Husband: These would be your Sister Wives
Not gonna lie, I’m pretty proud of this one.
Mixology students be like, “My mint leaf dissertation needs to slap.”
cat: *rolls over on back* pet my belly
me: no i know this is a trap
cat:
me:
cat:
me: fine *goes to pet belly*
cat: *claws & bites my hand* hahah have some scratches, as a treat you stupid idiot
i’m angry no one’s ever pranked me by having 10 pizzas delivered that i didn’t order
It happened. I witnessed the most Philly thing ever.
A fight broke out DURING a showing of the Mister Rogers movie.
Boss: do you have Twitter?
Me: what’s twitter?
Boss: no seriously
Me: ……
Me: no hablo Inglés
Professor X: So what’s your power?
Me: I can heal immediately-
X: Oh, we already have someone that can do that.

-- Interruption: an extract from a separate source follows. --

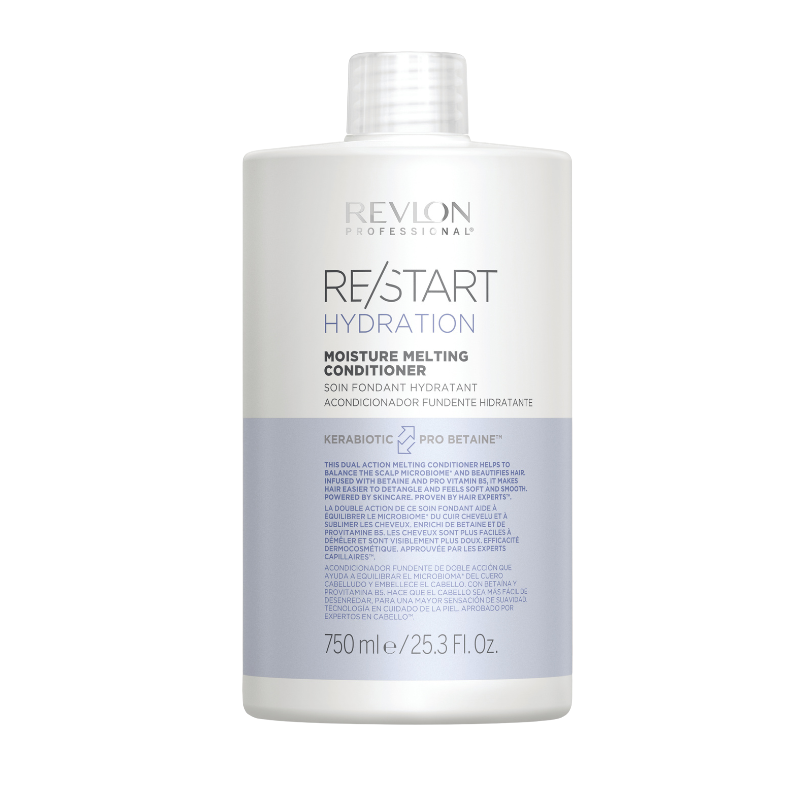 REVLON RESTART - HYDRATION MOISTURE MICELLAR SHAMPOO 1L Y ACONDICIONADOR 750ML - 3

Me: -from any emotional wounds.
X: That’s dumb. You can’t join the team.
Me: I’m completely ok with that.
I have three higher degrees and yet I just opened a bottle of fizzy water that’s been in my rucksack all day on the bus, proving once again that academic prowess has absolutely no correlation to intelligence
I’m at that stage in life where my bladder is at its weakest and my phobia of public toilets is at its strongest.
Once these Teslas learn how to plug themselves in they won’t need any of you anymore
Go to a doctor?
When there’s all this free advice on the internet?
DATE: Didn’t you order peppers on your salad? I don’t see any-
ME: *whispers* Ghost peppers
me: i’m going to make one of those diagrams that uses circles
dracula: venn
me: probably tomorrow
Twitter- Have you ever slept with a married man?
Me- Never, just ask my husband.
I’m not afraid of dying. I’m afraid of ending up in a nursing home with a roommate who has Justin Bieber posters and Twilight shirts.
Cthulhu is just the sound I make when I’m trying to reply to the dentist.
The best thing about humans is that many of the richest and most prosperous among us collect bottles of rotten grape juice.
If you see a dog by itself, check it’s collar, it might be lost
If you see two dogs by themselves, leave them alone, they’re on a date.
Her: I read on Facebook…
Me: I’m going to stop you there.
Happy mothers day to all the moms out there.
Catering service
“As far back as I could remember I always wanted to shut an island” – Leo DiCaprio in Shutter Island
A coworker just told me that “it is what it is” and I have never felt so enlightened.